On Sunday, March 31, 2019 at 11:58:46 AM UTC-5, Bruno Marchal wrote:
>
>
> On 30 Mar 2019, at 07:15, Philip Thrift >
> wrote:
>
>
>
>
> https://thenewstack.io/which-programming-languages-use-the-least-electricity/
>
> Which language one uses makes a physical difference.
>
>
> That is correct, interesting for the application, but not directly
> relevant for the “ontological problem” and the mind-body problem.
>
> Physics is not able to make any prediction without assuming something
> (what exactly) capable of selecting our computation in arithmetic.

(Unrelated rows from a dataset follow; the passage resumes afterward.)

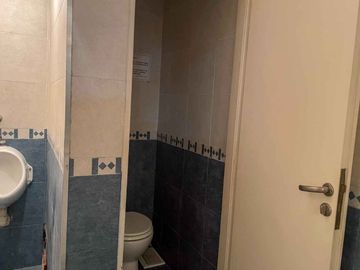 VENTA OFICINAS 2 PISOS 8 COCHERAS DEPÓSITO ALMAGRO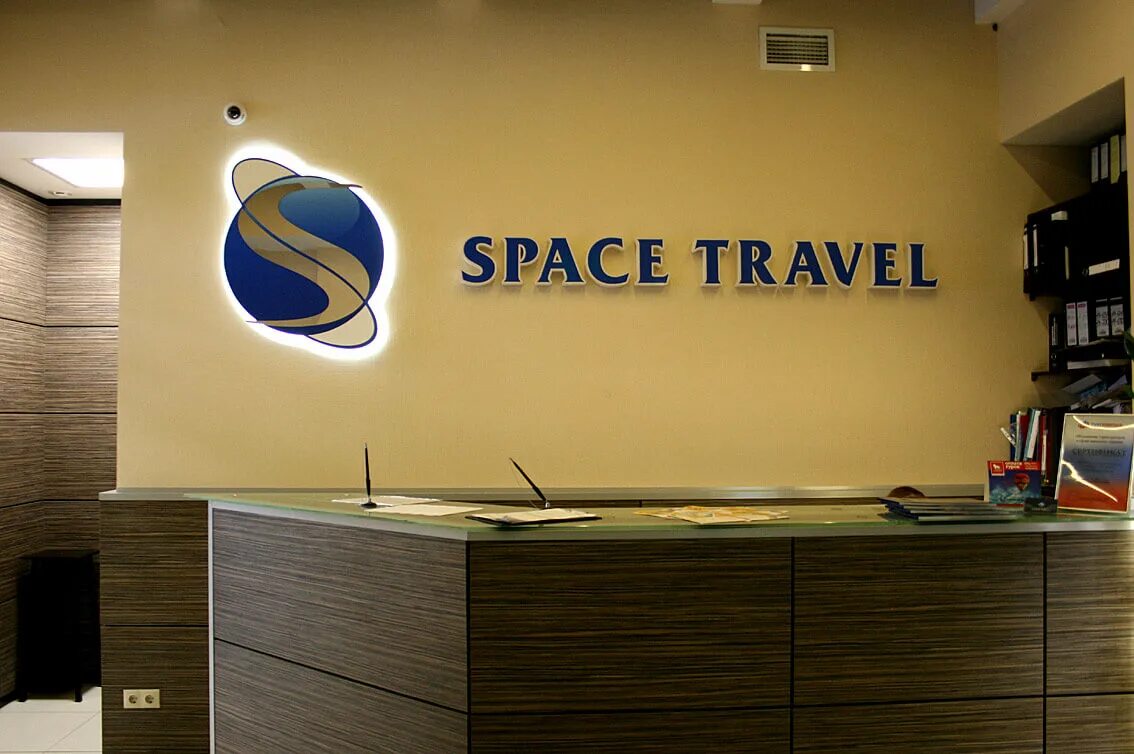 Логотип на стене в офисе. Название офиса. Логотип на стене в переговорной. Название офиса. Офис креативного агентства.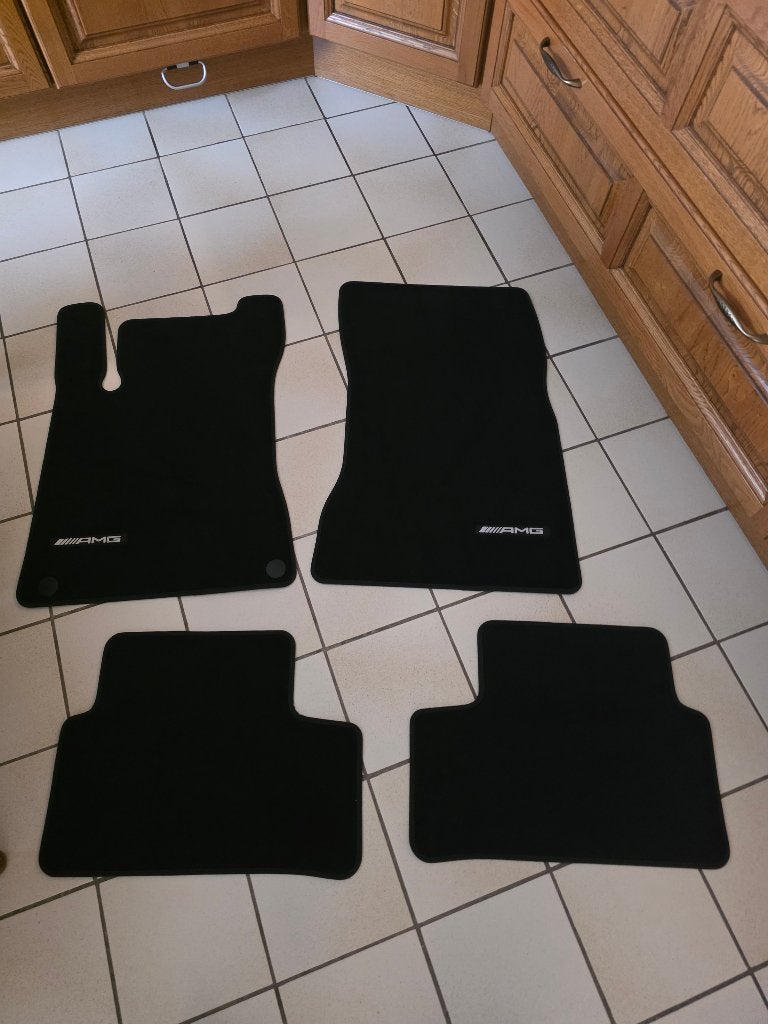 Tapis pour Mercedes Classe A AMG, Enlèvement ou Envoi, Neuf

> Theologically, it still invoke an ontology, which cannot be done when doing
> science.
>
> The fact that efficient computation “survives”, and non efficient do not,
> requires magic if the environnement does not map the finitely many
> accessible histories at (or below) our substitution level.
>
> A quantum computation does not require any energy, note. And both
> observation, and mechanism seems to force the physical reality into a
> combinatory algebra without Kestrel (Kxy = x, which eliminates the
> information in y), nor Starling S (Sxyz = xz(yz)) nor any duplicator (no
> Mocking Bird like M, Mx = xx). Information cannot be physically created,
> nor eliminated, nor duplicated.
>
> We can still have Turing universality without eliminators. Yet we lost
> Turing universality when we have no eliminators and no duplicators, but we
> can regain it with adding “measurement” modal operator (internally defined,
> or not). That is the combinatory BCI algebra, with a core physics where
> energy is a constant, and computations use no energy, yet relative
> subcomputation are allowed to make relative measurement, leading to
> apparent (indexical) breaking of the core laws, and apparent elimination of
> “memories”. There are Turing universal group and group have natural mesure
> theory associated with them, but again, such group must be justified
> mathematically (and theologically to get the private (first person) parts
> not eliminated).
>
> Thinking of group, I have said that physics is a symphony played by the
> number 0, 1, e, PI, gamma, and with the number 24 has chief orchestra. To
> be honest, my motivation comes more from physics and number theory than
> from Metamathematics (mathematical logic, machine theology), and it makes
> me nervous that the number theorist stumble on the right physics before the
> theologian (leading to an arithmeticalism still capable of eliminating the
> first person for awhile). Here is a nice video where John Baez explains
> well why he likes 24 too, and its main role in String Theory (the Riemann
> related to the Monster Group and Moonshine (where deep relation occurs
> between fundamental physics and number theory).
>
>
> To be sure, my favorite reason to love 24 is more the one related to Hardy
> Rademacher and Ramanujan exact formula for the number of partition of a
> number. That plays also some role in fundamental chemistry and
> classification of “orbitals” (or quantum stationary waves).
>
> Bruno
>
>
>
Every programming language has physical semantics -- which depends on its
material computing substrate -- in addition to (substrate-independent)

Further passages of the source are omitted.